Vertebrates other than mammals tend to vary the GFR to maintain water homeostasis and to secrete accumulating metabolic by-products (13, 23). Therefore, tubular transport processes are not the primary regulatory sites and are thus not required to be very efficiently controlled. In contrast, mammals tend to keep the GFR constant and adapt the rate of reabsorption. Because the filtered load in a mammalian nephron is high, such regulation has to be both rapid and efficient to minimize the loss to urine. The evolution of NaPi-IIa may reflect such a tendency: NaPi-IIa, the phylogenetically younger isoform, harbors the molecular information to participate in rapid regulatory steps such as endo- and exocytosis.
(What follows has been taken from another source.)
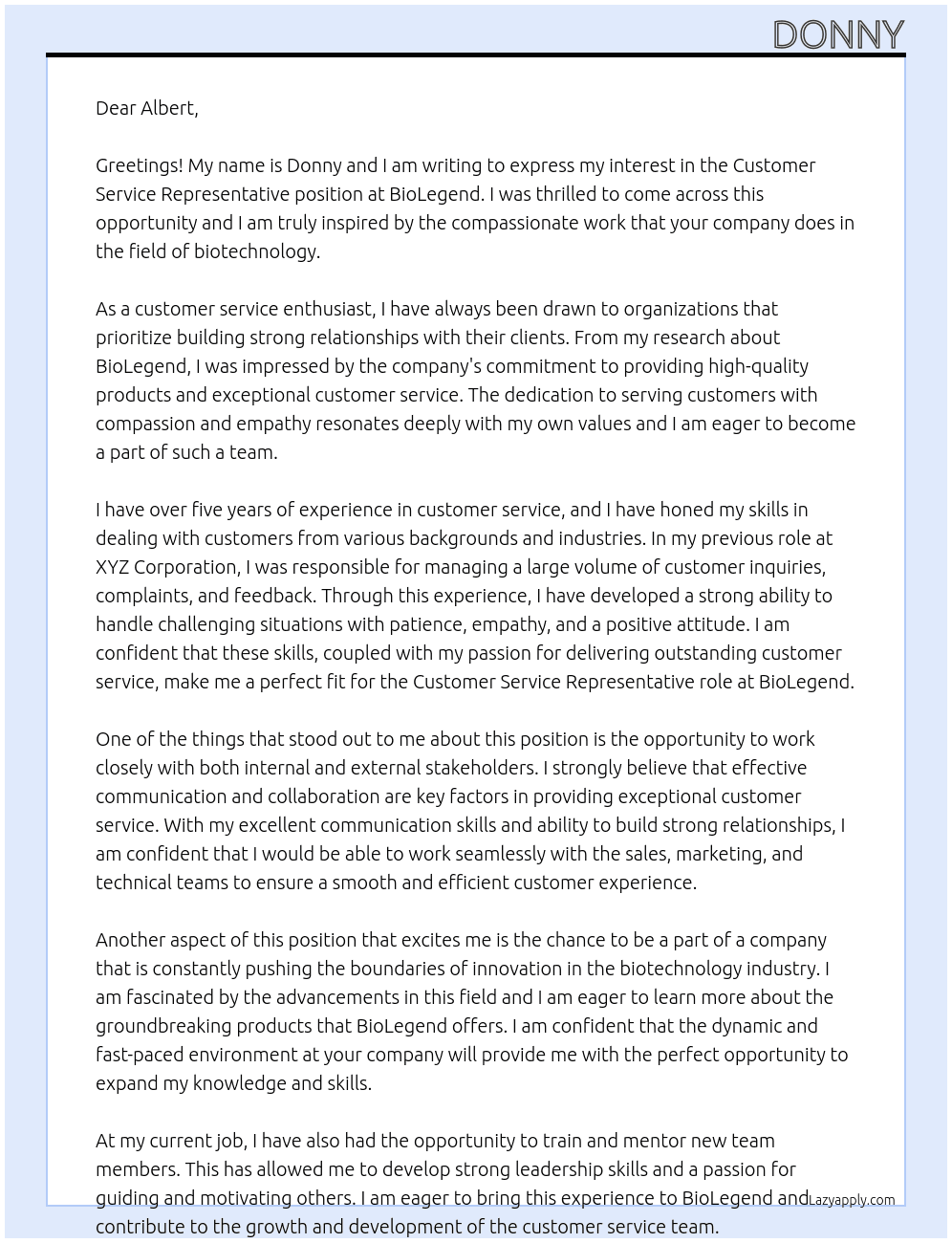 CUstomer Service Representative At BioLegend Cover Letter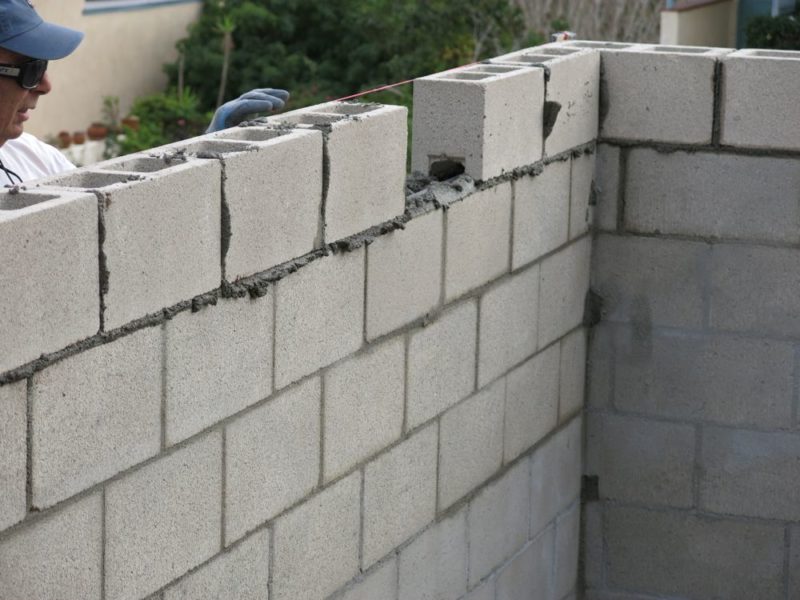 6 inch concrete block wall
The protein is expressed in only a limited number of cells and is committed to the control of whole body P_i homeostasis. NaPi-IIb, the phylogenetically older isoform, shows a relatively broad expression pattern and exhibits plasticity with regard to intracellular sorting with the task of accumulating intracellular P_i in a variety of epithelial tissues.